_PROBLEM TO WORK ON_. When you reach a picture, leave it out; output everything else in the records exactly.
== == ==
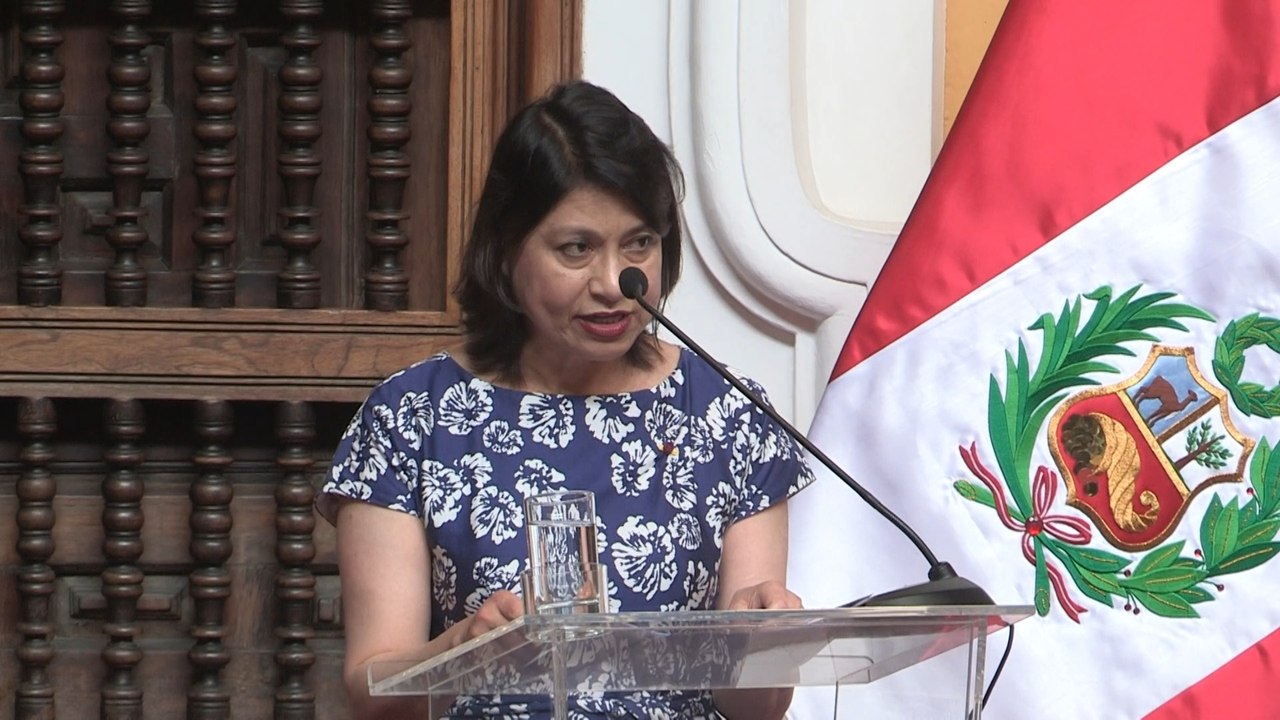Perú denuncia "injerencia inaceptable" de algunos países en sus asuntos internos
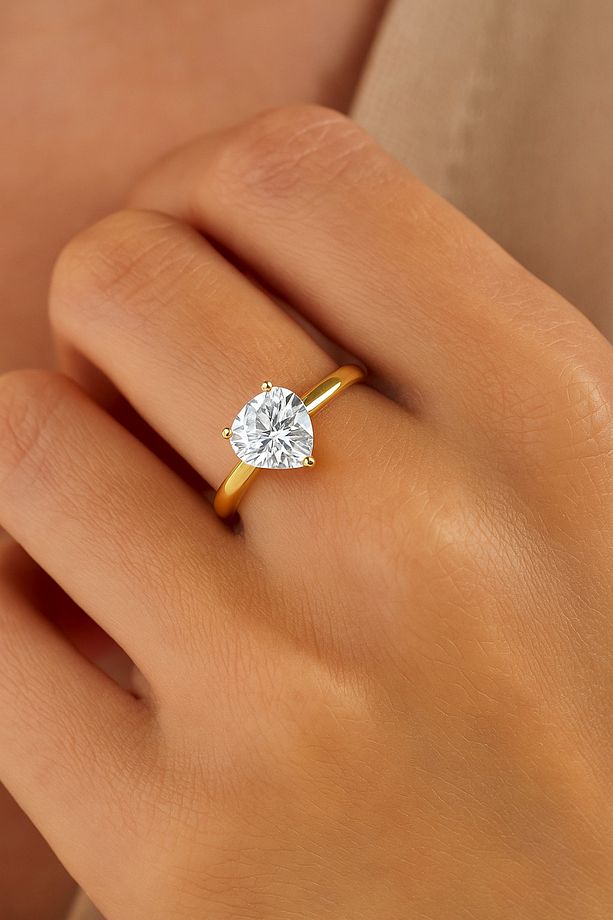 Işıklı kutuda 2 karat kalp tektaş yüzük - 2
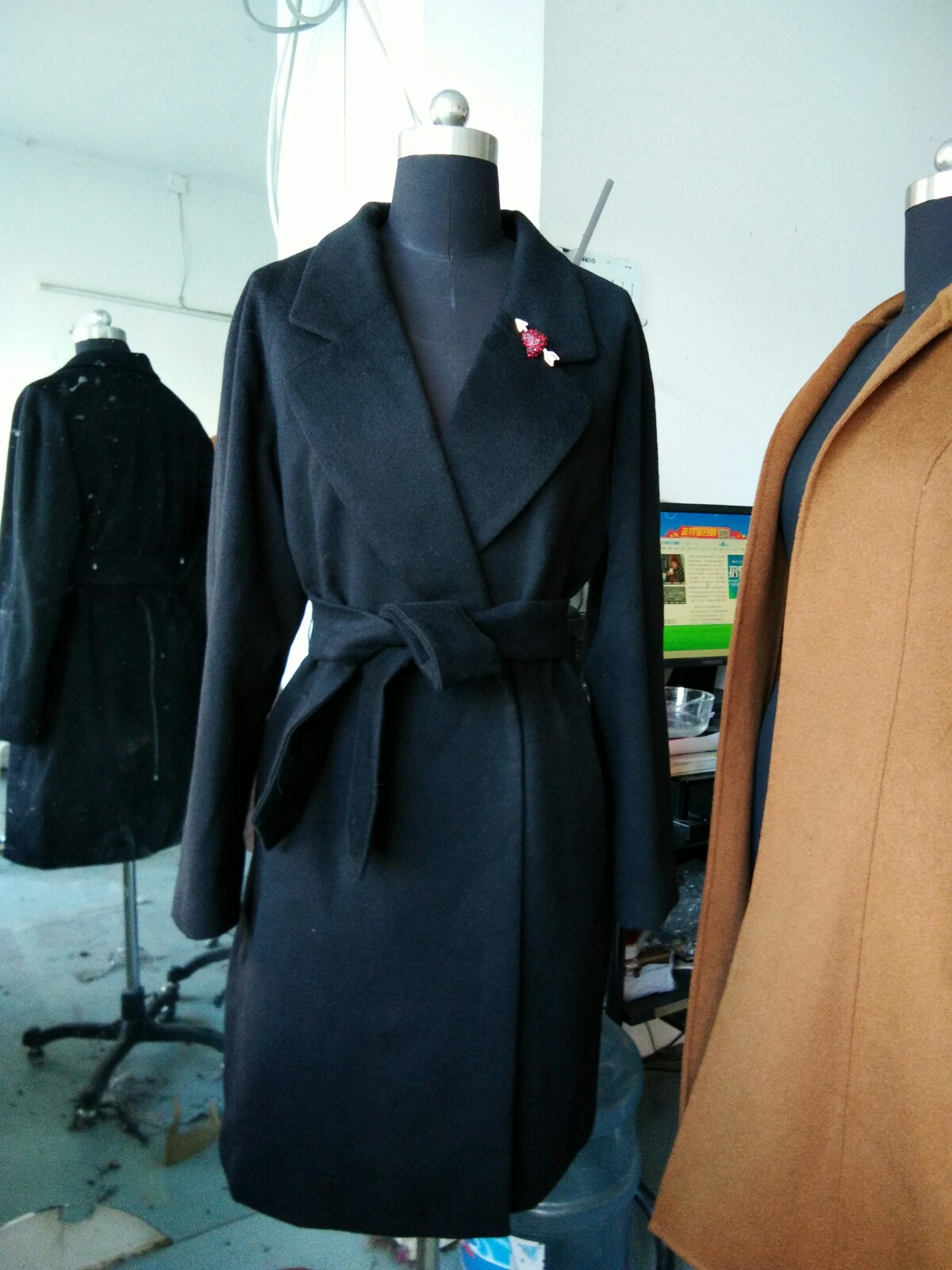 Clothing customised to feed machined double-sided cashmere dresses customised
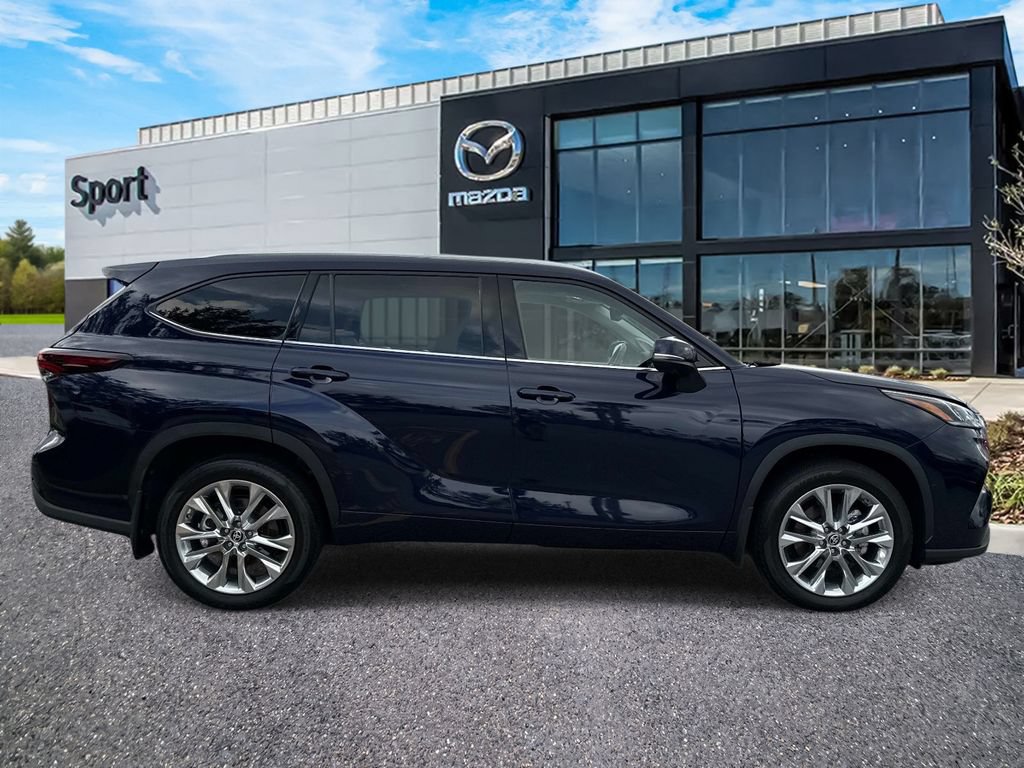 Used 2024 Toyota Highlander Limited AWD/4WD image 2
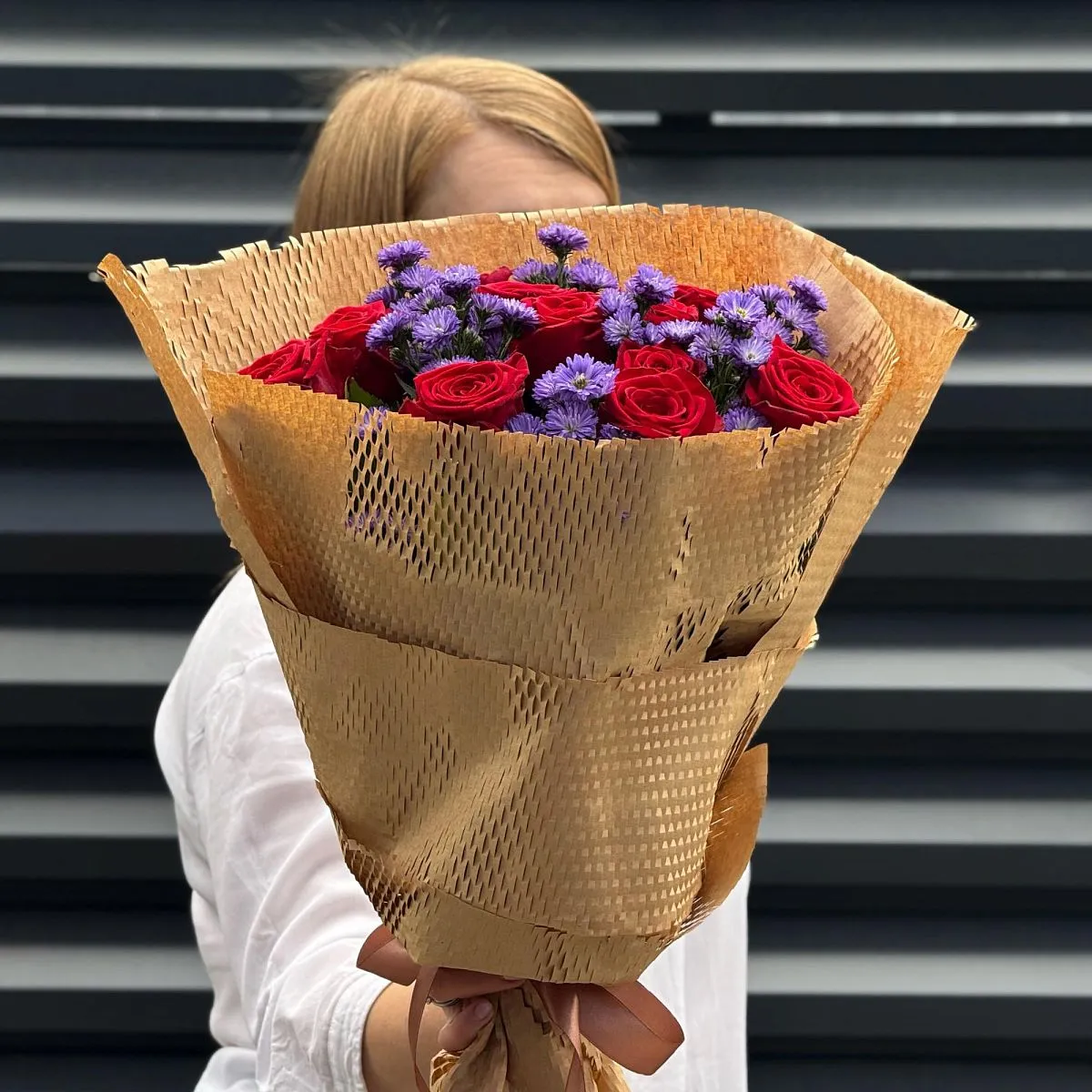 Букет из роз и астер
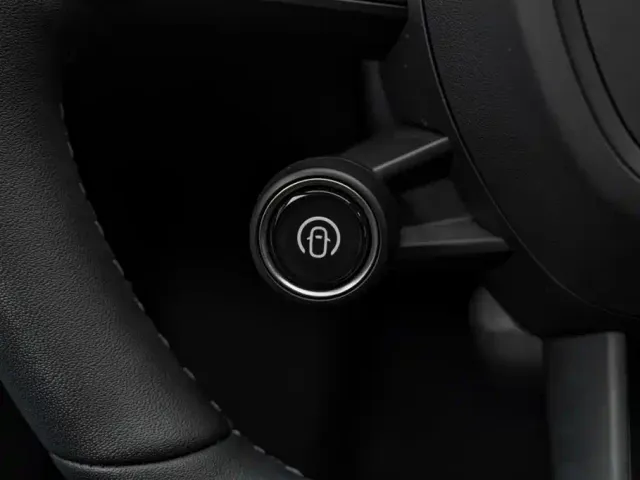 Xiaomi SU7 — Фото автомобиля 11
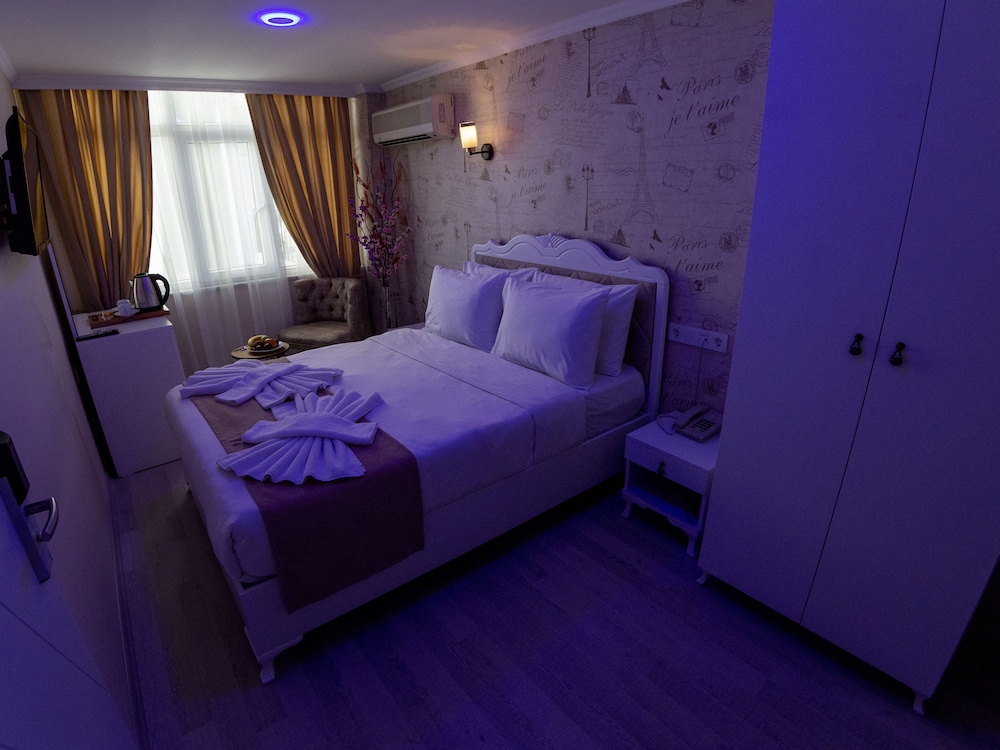 STANDARD, DOUBLE BED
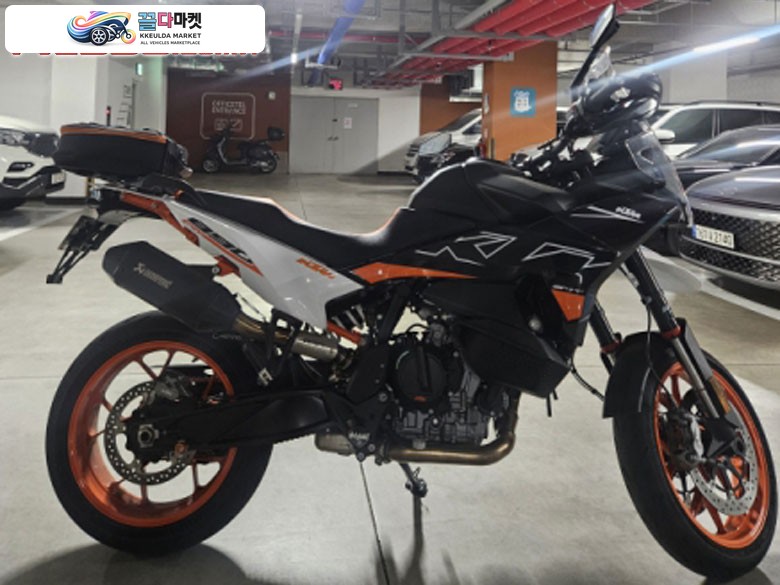 KTM 890 SMT 2024년식 신차급 890SMT 판매합니다. 25년 9월 등록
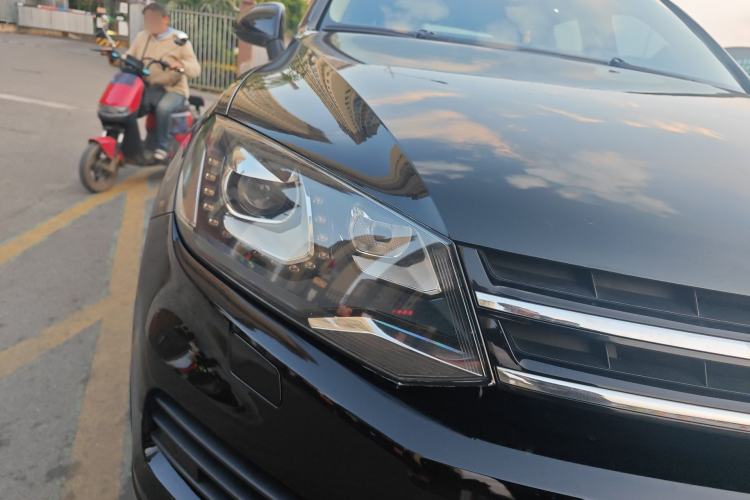 Used Volkswagen Touareg 2011 3.0 TSI Comfort Version
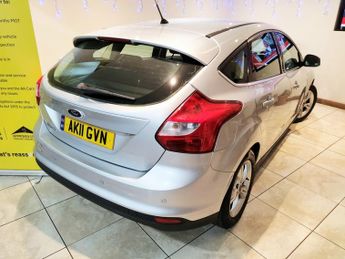 FORD FOCUS 1.6 ZETEC 5DR Manual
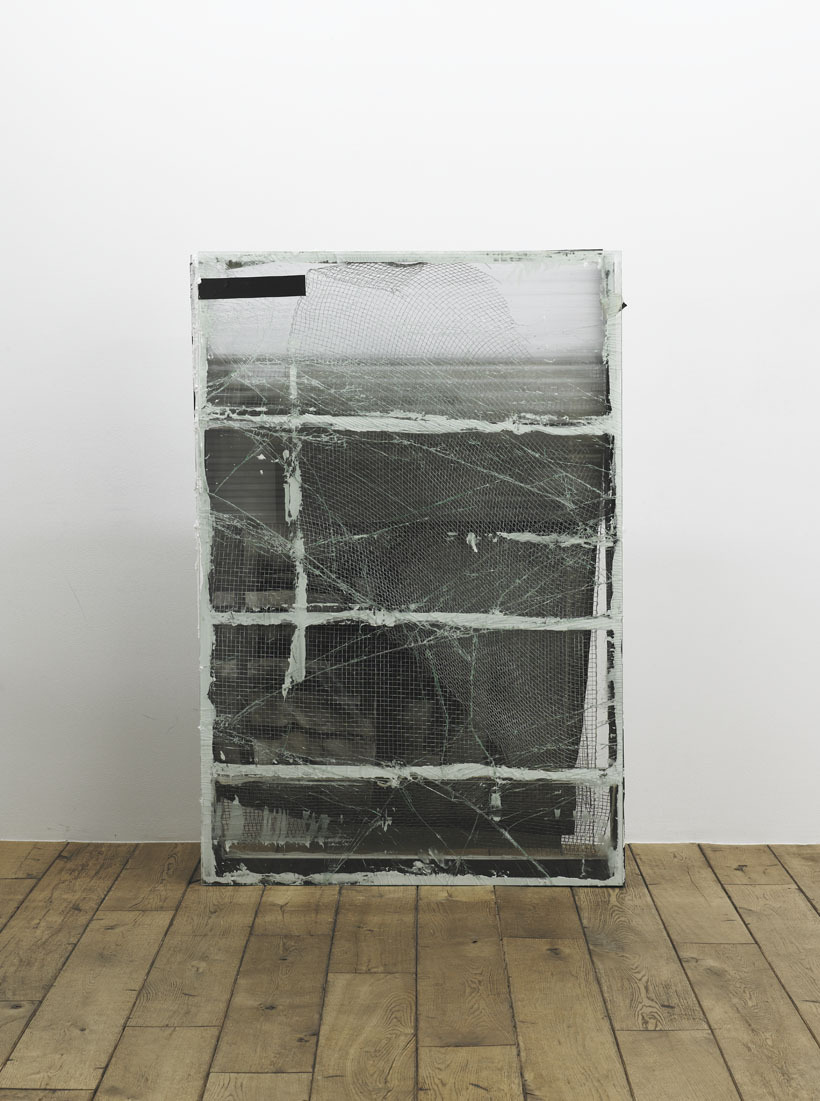 likeafieldmouse:  Oscar Tuazon - Unmapping, Unmaking, Unmeaning (2010) 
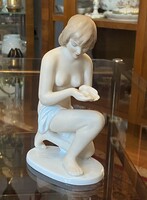 WALLENDORF VIZET MERÍTŐ, TÉRDELŐ, MEZTELEN NŐI AKT NÉMET PORCELÁN SZOBOR 19 CM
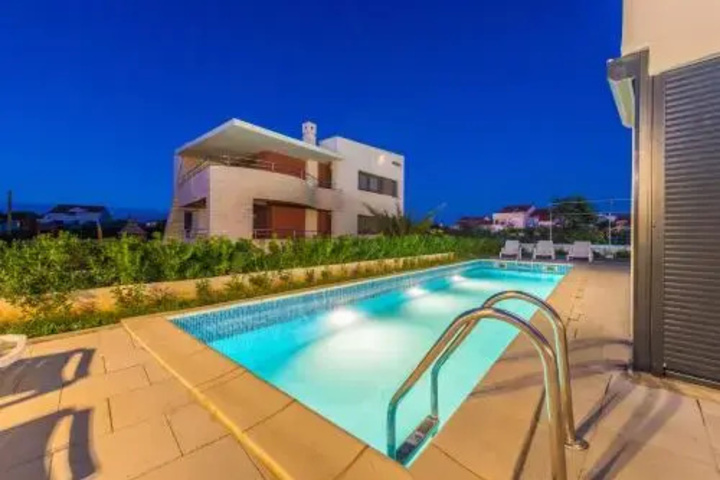 Pool 8 of 11
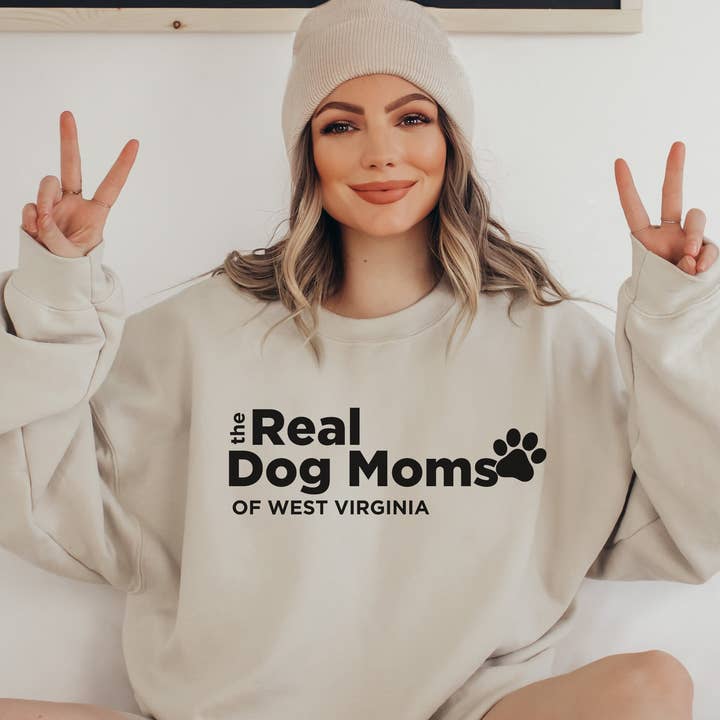 Real Dog Moms of West Virginia, regalo a tema Real Housewives per la vendita all'ingrosso da parte di Dog Mom Apparel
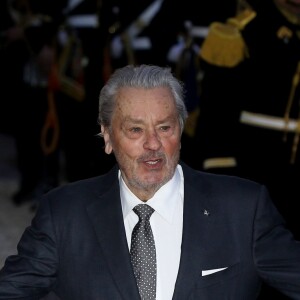 Alain Delon - Dîner d'Etat du président de la République française en l'honneur du président de la République populaire de Chine lors de sa visite d'Etat en France du 24 au 26 mars 2019, au Palais de l'Elysée, à Paris, France, le 25 mars 2019. © Dominique Jacovides/Bestimage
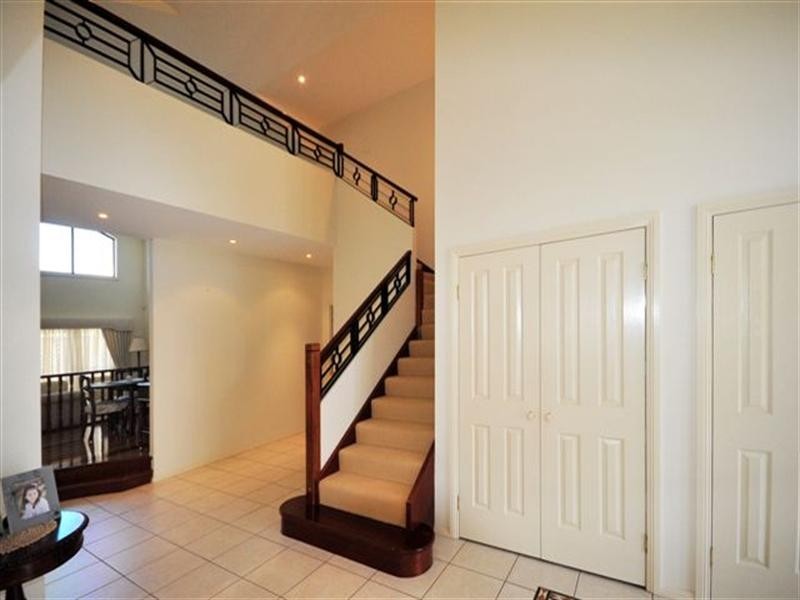 6 Spring Garden Court, Middle Ridge QLD 4350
== == ==
_ANSWER BELOW_.
Perú denuncia "injerencia inaceptable" de algunos países en sus asuntos internos
 Işıklı kutuda 2 karat kalp tektaş yüzük - 2
 Clothing customised to feed machined double-sided cashmere dresses customised
 Used 2024 Toyota Highlander Limited AWD/4WD image 2
 Букет из роз и астер
 Xiaomi SU7 — Фото автомобиля 11
 STANDARD, DOUBLE BED
 KTM 890 SMT 2024년식 신차급 890SMT 판매합니다. 25년 9월 등록
 Used Volkswagen Touareg 2011 3.0 TSI Comfort Version
 FORD FOCUS 1.6 ZETEC 5DR Manual
 likeafieldmouse:  Oscar Tuazon - Unmapping, Unmaking, Unmeaning (2010) 
 WALLENDORF VIZET MERÍTŐ, TÉRDELŐ, MEZTELEN NŐI AKT NÉMET PORCELÁN SZOBOR 19 CM
 Pool 8 of 11
 Real Dog Moms of West Virginia, regalo a tema Real Housewives per la vendita all'ingrosso da parte di Dog Mom Apparel
 Alain Delon - Dîner d'Etat du président de la République française en l'honneur du président de la République populaire de Chine lors de sa visite d'Etat en France du 24 au 26 mars 2019, au Palais de l'Elysée, à Paris, France, le 25 mars 2019. © Dominique Jacovides/Bestimage
 6 Spring Garden Court, Middle Ridge QLD 4350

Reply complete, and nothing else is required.